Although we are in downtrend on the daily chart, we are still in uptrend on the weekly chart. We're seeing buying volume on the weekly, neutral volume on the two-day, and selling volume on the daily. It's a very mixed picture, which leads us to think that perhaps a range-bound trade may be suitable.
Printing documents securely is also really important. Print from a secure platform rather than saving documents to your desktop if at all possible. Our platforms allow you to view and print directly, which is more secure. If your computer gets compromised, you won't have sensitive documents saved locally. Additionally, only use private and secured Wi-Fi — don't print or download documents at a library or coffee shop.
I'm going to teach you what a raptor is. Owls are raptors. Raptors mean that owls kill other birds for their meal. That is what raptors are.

* * *

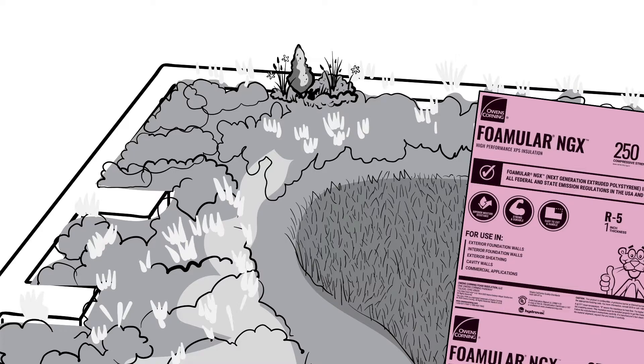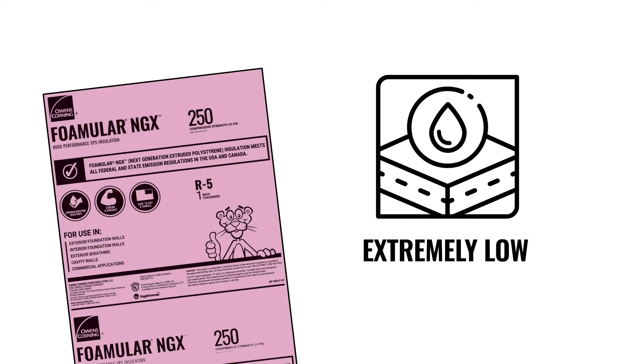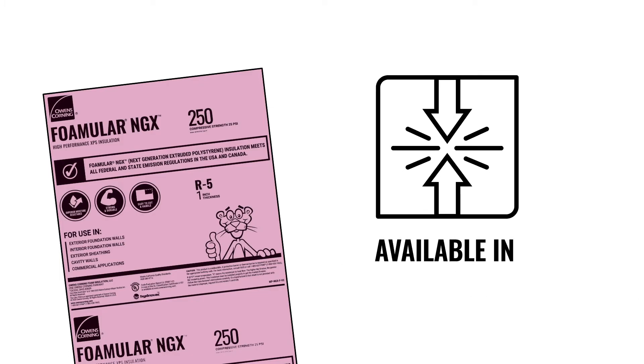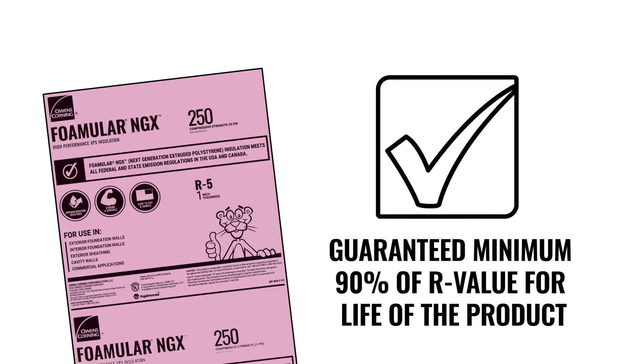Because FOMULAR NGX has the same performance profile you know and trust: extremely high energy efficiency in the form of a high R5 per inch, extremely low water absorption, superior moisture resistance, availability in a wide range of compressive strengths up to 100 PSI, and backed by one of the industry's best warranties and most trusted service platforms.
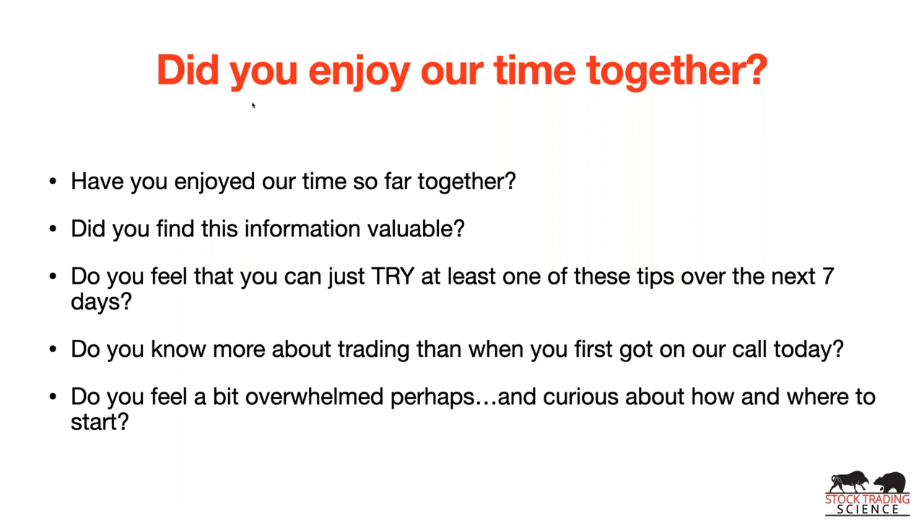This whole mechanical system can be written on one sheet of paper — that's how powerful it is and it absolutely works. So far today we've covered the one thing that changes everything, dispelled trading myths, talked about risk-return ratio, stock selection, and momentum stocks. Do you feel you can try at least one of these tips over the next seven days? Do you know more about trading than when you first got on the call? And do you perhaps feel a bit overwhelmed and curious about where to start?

TASK TO COMPLETE ▸ Repeat exactly the lines above from the one with "Although we are" up to and including the one with "Printing documents securely". No other line belongs in the reply.

SOLVED PROBLEM ▸
Although we are in downtrend on the daily chart, we are still in uptrend on the weekly chart. We're seeing buying volume on the weekly, neutral volume on the two-day, and selling volume on the daily. It's a very mixed picture, which leads us to think that perhaps a range-bound trade may be suitable.
Printing documents securely is also really important. Print from a secure platform rather than saving documents to your desktop if at all possible. Our platforms allow you to view and print directly, which is more secure. If your computer gets compromised, you won't have sensitive documents saved locally. Additionally, only use private and secured Wi-Fi — don't print or download documents at a library or coffee shop.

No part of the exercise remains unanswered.